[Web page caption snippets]

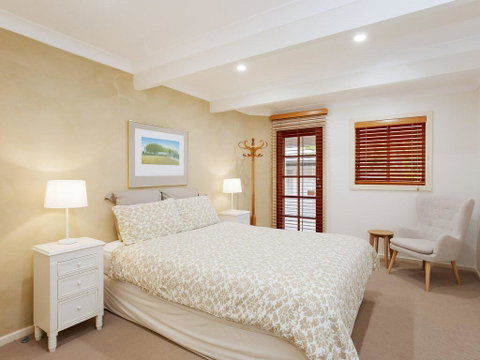 Beauty And The Beach', 88 Foreshore Drive - Large Home With WIFI & Water Views - Sydney Tourism 3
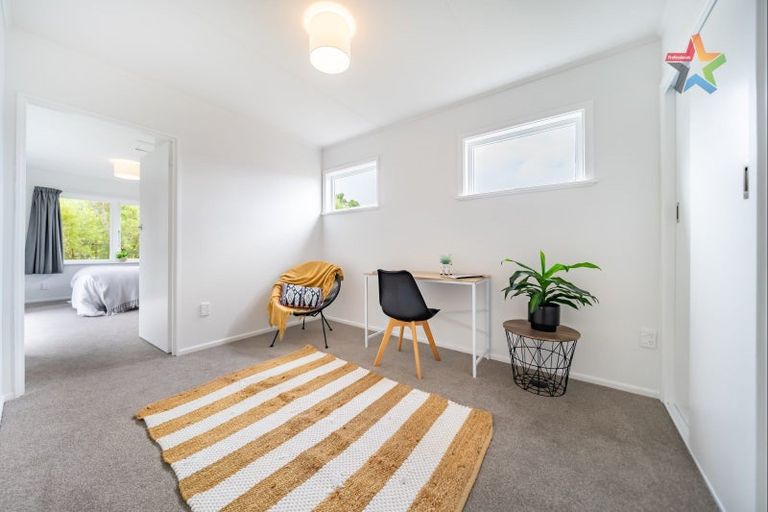 Photo of property in 64 Oakleigh Street, Maungaraki, Lower Hutt, 5010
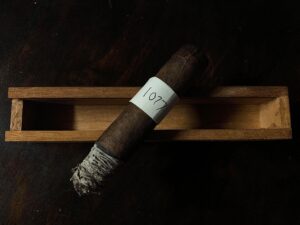 Blind Cigar Review: E.P. Carrillo | Selección Oscuro Especial No. 6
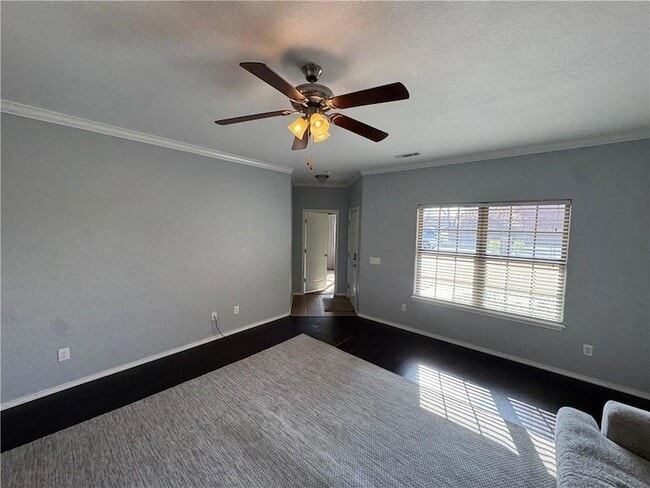 Photo - 6505 S 50th St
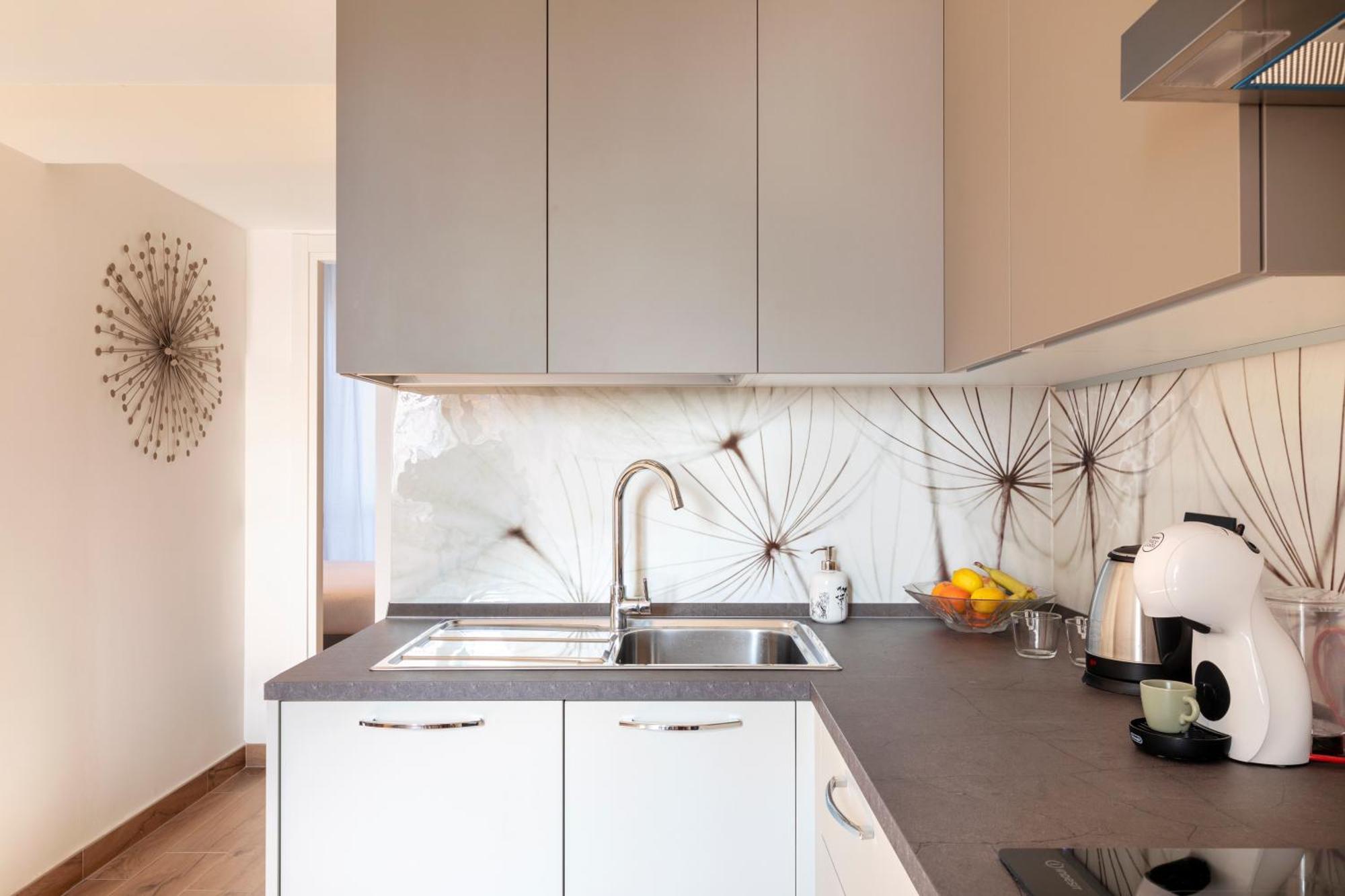 Appartement The House Of Dandelions - Duomo In 15min By Metro M3 Milan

What this task involves
Give back word for word the lines from the one containing "Photo of property" through the final line of the data above. Pictures are to be left out.

Answer
 Photo of property in 64 Oakleigh Street, Maungaraki, Lower Hutt, 5010
 Blind Cigar Review: E.P. Carrillo | Selección Oscuro Especial No. 6
 Photo - 6505 S 50th St
 Appartement The House Of Dandelions - Duomo In 15min By Metro M3 Milan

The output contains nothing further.